Обсуждение: pgstattuple: Use streaming read API in pgstatindex functions
Hi hackers,
While reading the code related to streaming reads and their current
use cases, I noticed that pgstatindex could potentially benefit from
adopting the streaming read API. The required change is relatively
simple—similar to what has already been implemented in the pg_warm and
pg_visibility extensions.
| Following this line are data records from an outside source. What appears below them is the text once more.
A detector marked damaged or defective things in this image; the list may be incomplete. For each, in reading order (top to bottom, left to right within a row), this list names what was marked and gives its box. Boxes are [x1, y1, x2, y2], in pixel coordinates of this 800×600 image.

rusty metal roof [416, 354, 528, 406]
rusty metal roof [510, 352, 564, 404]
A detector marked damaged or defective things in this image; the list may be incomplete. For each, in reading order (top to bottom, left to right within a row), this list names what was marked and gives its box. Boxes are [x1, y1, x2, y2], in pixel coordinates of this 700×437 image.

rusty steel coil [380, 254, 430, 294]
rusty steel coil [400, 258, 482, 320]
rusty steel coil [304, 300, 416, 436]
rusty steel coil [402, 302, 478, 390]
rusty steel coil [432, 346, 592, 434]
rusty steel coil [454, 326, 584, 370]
I also ran some performance tests on an
experimental patch to validate the improvement.
Summary
Cold cache performance (the typical use case for diagnostic tools):
- Medium indexes (~21MB): 1.21x - 1.79x faster (20-44% speedup)
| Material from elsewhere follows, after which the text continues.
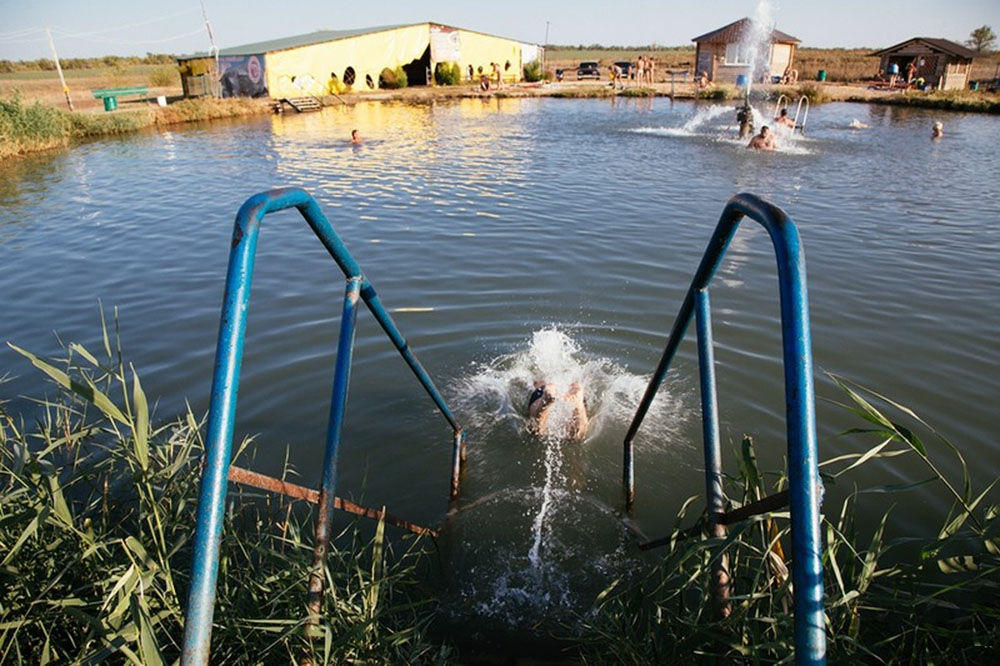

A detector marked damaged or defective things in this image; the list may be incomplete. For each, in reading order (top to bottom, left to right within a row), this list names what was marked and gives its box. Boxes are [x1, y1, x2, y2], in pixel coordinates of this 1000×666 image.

rusty metal ladder [183, 185, 464, 660]
rust stain on metal [229, 464, 436, 536]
- Large indexes (~214MB): 1.50x - 1.90x faster (30-47% speedup)
- Xlarge indexes (~1351MB):1.4x–1.9x gains. (29–47% speedup)
Hardware: AX162-R from hetzner
Test matrix:
- Index types: Primary key, timestamp, float, composite (3 columns)
- Sizes: Medium (1M rows, ~21MB), Large (10M rows, ~214MB), XLarge
(50M rows, ~ 1351MB))
- Layouts: Unfragmented (sequential) and Fragmented (random insert order)
- Cache states: Cold (dropped OS cache) and Warm (pg_prewarm)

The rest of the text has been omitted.